E come potremo noi stupirci di questo sfavorevole cambiamento, come lagnarci della severità dei forestieri quando italiani stessi, acciecati dallo spirito di parte, dalla rabbia repubblicana, sono andati spargendo in tutta Europa infami calunnie, atroci contumelie contro la nazione piemontese, contro il suo esercito, il suo Re? Come mai potrebbero gli altri popoli avere per noi stima ed affetto, quando noi stessi ci accusiamo a vicenda, ci laceriamo con accanimento; quando il lombardo accusa il piemontese di municipalismo, ed il piemontese rimprovera al lombardo il difetto d’energia e di spiriti militari?
Ma i tristi effetti cagionati dalle nostre dissensioni e dalle malvagità del partito repubblicano possono facilmente ripararsi. Per ciò basta che sui campi il nostro esercito, guidato da capi esperti, dia tali prove del suo valore da condannar al silenzio i vili suoi calunniatori. Alcune gesta gloriose, una sola splendida vittoria, e l’Europa tutta riconoscerà che, ad onta dei passati disastri, i soldati piernontesi sono tuttora quali li dichiarava essere il primo capitano del secolo, l’imperatore Napoleone, prodi, risoluti, costanti al pari delle più agguerrite truppe d’Europa.
La Francia, facile a giudizi severi, è troppo generosa per non ricredersi a fronte dell’evidenza.
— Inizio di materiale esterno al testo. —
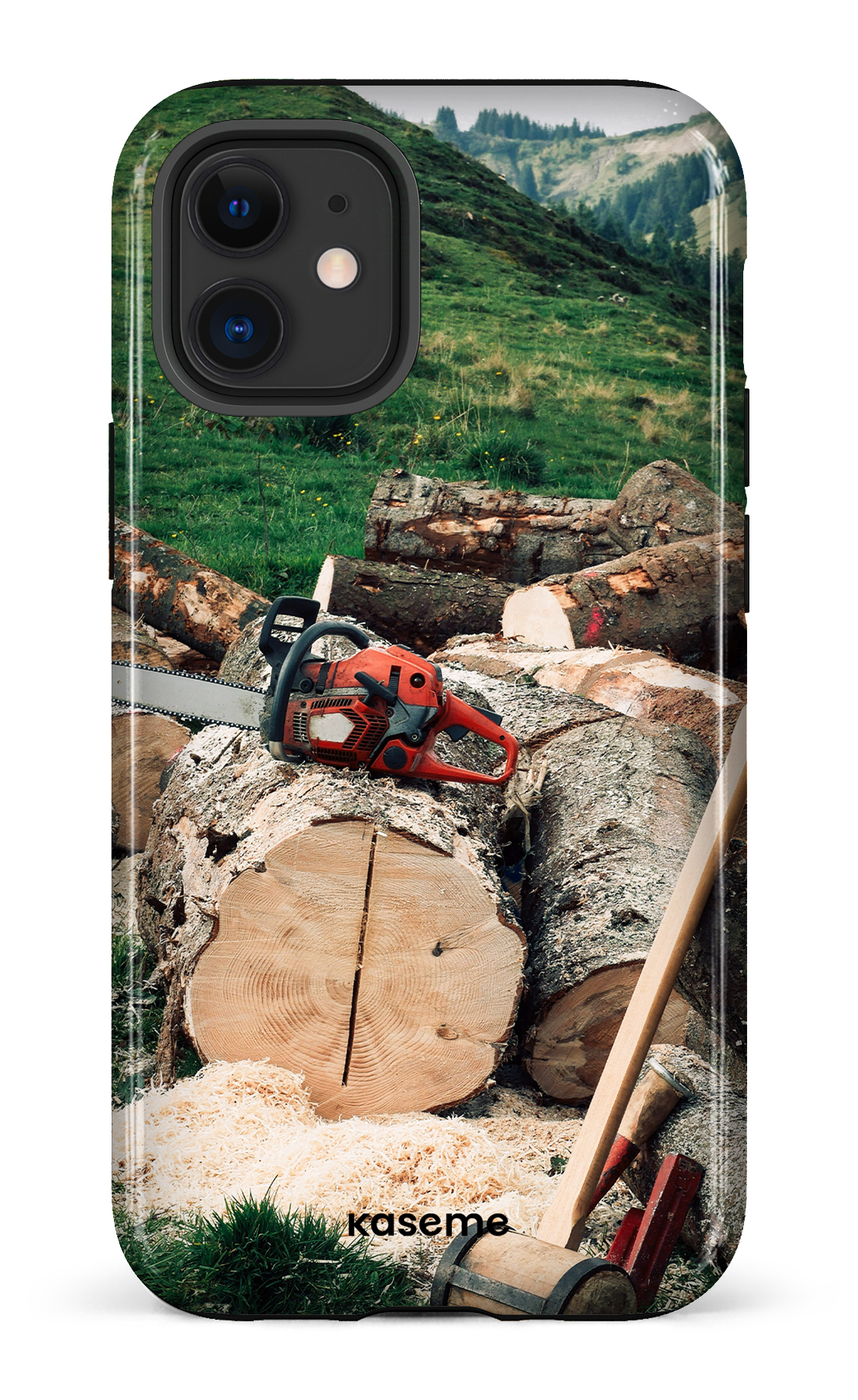 iPhone 12 Mini Tough Timber Cut -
Essa fu sempre amica dei generosi, e ci sarà larga di nuovo della sua stima, delle sue simpatie se sapremo sui campi di Lombardia, con splendide azioni, dimostrare l’ingiustizia delle calunnie che hanno oscurata la nostra fama.
Ma ad ottenere il valido appoggio della Francia nella gran lotta che siamo per intraprendere non basta dimostrarsi soldati valorosi, conviene ancora farla certa che il nostro paese non intende di diventare un fomite di passioni anarchiche e demagogiche.
In questi tempi la passione principale che anima la maggiorità dei francesi è l’amore dell’ordine, l’odio delle idee sovvertitrici. Questo è un fatto che non può venir posto in dubbio se non da quei ciechi fanatici che credono ed annunziano il prossimo trionfo del gran Ledru-Rollin. Tutti coloro che studiano attentamente lo svolgersi degli eventi, tutti coloro che ritornano d’oltre Alpi, sono unanimi nel confermarlo.
Quindi è che condizione indispensabile alla simpatia della Francia, e per ciò dell’opportunità della guerra, si è che il nostro Governo, resista energicamente allo spirito di disordine che si è impadronito di Roma e di Toscana. Ch’ei ricusi ogni transazione colle idee mazziniane, coi principi che prevalgono nell’Italia centrale. Guai a noi, se Carlo Alberto ed i suoi ministri si lasciassero trascinare nella via fatale in cui rovinarono Pio IX e Leopoldo! L’Italia sarebbe perduta, e perduta per sempre. Indeboliti dalla discordia, dalle lotte intestine, avremmo non solo a contrastare contro le forze materiali dell’Austria, ma altresì contro la reprobazione morale di tutti gli altri popoli d’Europa.
Noi speriamo che di tale verità Vincenzo Gioberti sia oramai pienamente convinto. Lo possiamo almeno argomentare dalle eloquenti sue parole. Nel suo programma, nei suoi discorsi, mostrandosi nemico irreconciliabile dell’anarchia e del disordine, ricusando di associare l’illustre suo nome a quello dei Guerrazzi e dei Mazzini, esso ha forse salvato il Piemonte e l’Italia dall’ultima rovina. Proseguendo in questa via, esso può senza soverchia imprudenza pronunciare la tremenda parola di guerra, perché così mantenendoci propizia la Francia, egli può coscienziosamente pronunciare essere opportuna la guerra.